Some people may think my choices were extreme, but they haven't experienced what I have. For me and my family, it was the right decision. It's not been an easy journey, but the chance to grow old with Alex and see my children grow up makes everything so worthwhile.
FACTFILE
What is the cancer gene?
Some women are born with the faulty BRCA1 or BRCA2 gene. It means they have a 50-80 percent chance of getting breast cancer in their lifetime rather than the the UK average of 11 percent.
You are more likely to have a high risk of having it if:
  • Relatives in your family developed breast cancer at an early age (the younger they are, the more likely there is to be a faulty gene in the family)

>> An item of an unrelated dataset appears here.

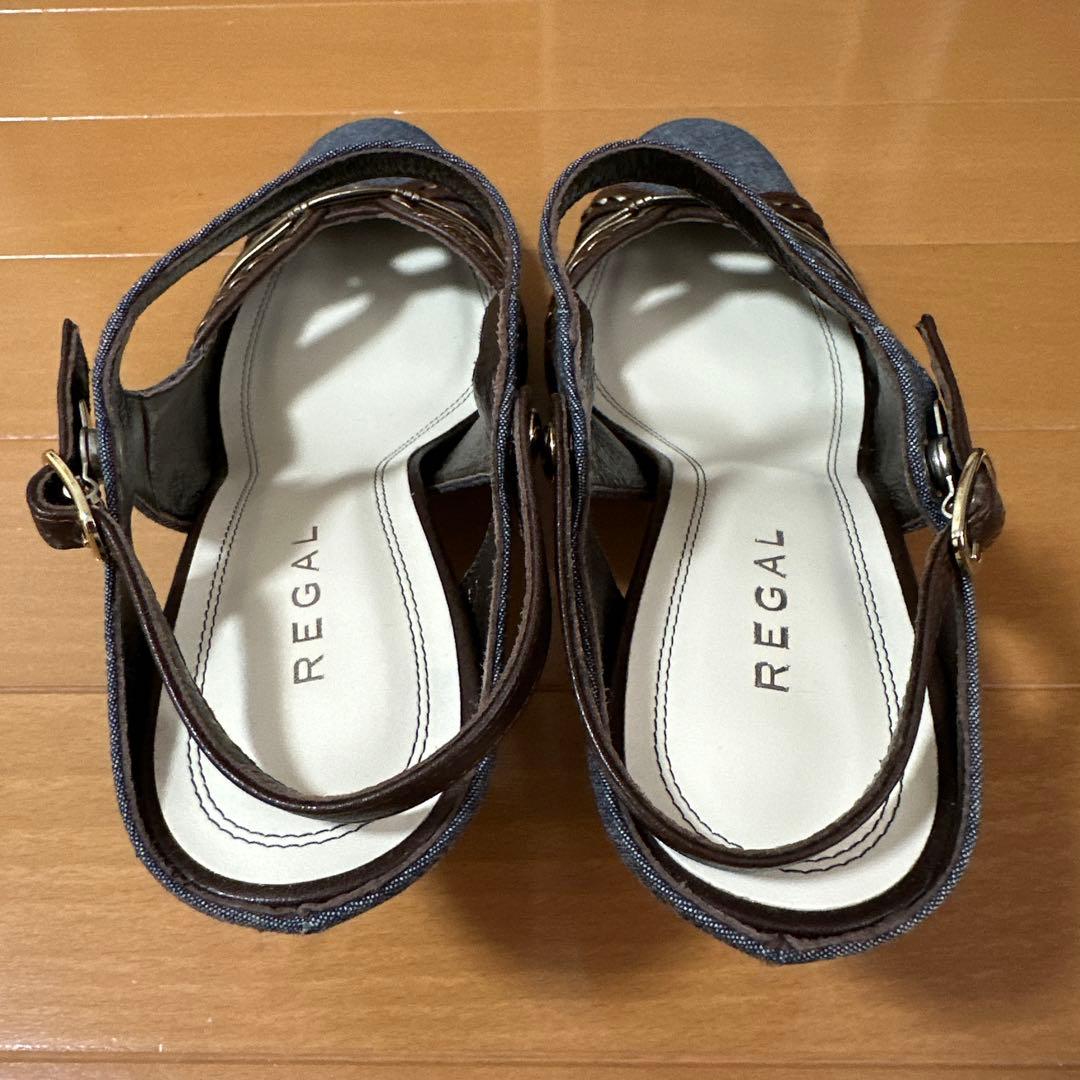 REGAL デニム・ブラウン サンダル ヒール7cm レディース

  • The people who had it are all blood relatives from the same side of the family
  • Someone in your family had cancer in both breasts
  • Men in your family have had cancer in their breast
  • There is also ovarian cancer in your family
How do I find out if I have it?
Your GP can refer you for a blood test which will show if this is the case
What do I do if I have it?
  • Regular breast cancer screenings increase the chance of breast cancer being picked up early enough to cure it
  • Some women choose to have both breasts removed, like Lisa, and immediate reconstruction, which greatly reduces the chance of breast cancer
  • Join a clinical trial; one is currently underway in Edinburgh trialling a drug called Arimidex to see if it prevents breast cancer in women at high risk.